» **Dataset extract**:
********

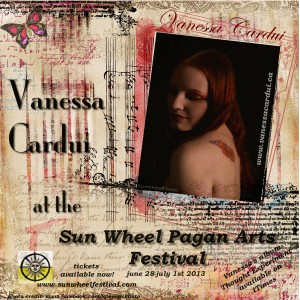Vanessa Cardui at Sun Wheel 2013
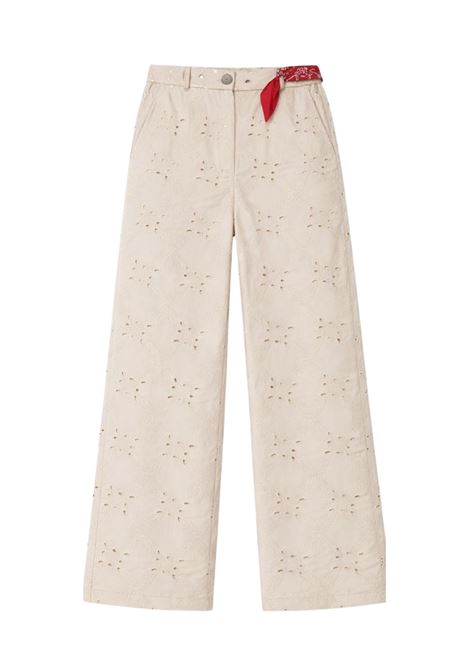 Pantalone in cotone ricamato IMPERIAL | P9990079TSABBIA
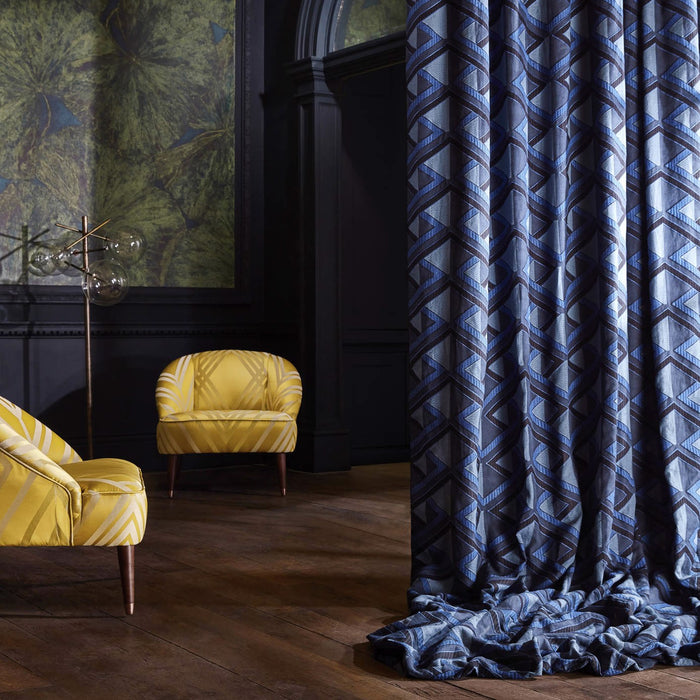 Zoffany Kuba Lapis 333022 Fabric ZICO333022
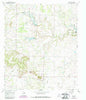 Oplin Texas Historical topographic map, 1:24000 scale, 7.5 X 7.5 Minute, Year 1967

********

» **About this task**: Since the pictures are not part of the copy, transcribe only the remaining material, exactly.

» **Problem solution**:
Vanessa Cardui at Sun Wheel 2013
 Pantalone in cotone ricamato IMPERIAL | P9990079TSABBIA
 Zoffany Kuba Lapis 333022 Fabric ZICO333022
 Oplin Texas Historical topographic map, 1:24000 scale, 7.5 X 7.5 Minute, Year 1967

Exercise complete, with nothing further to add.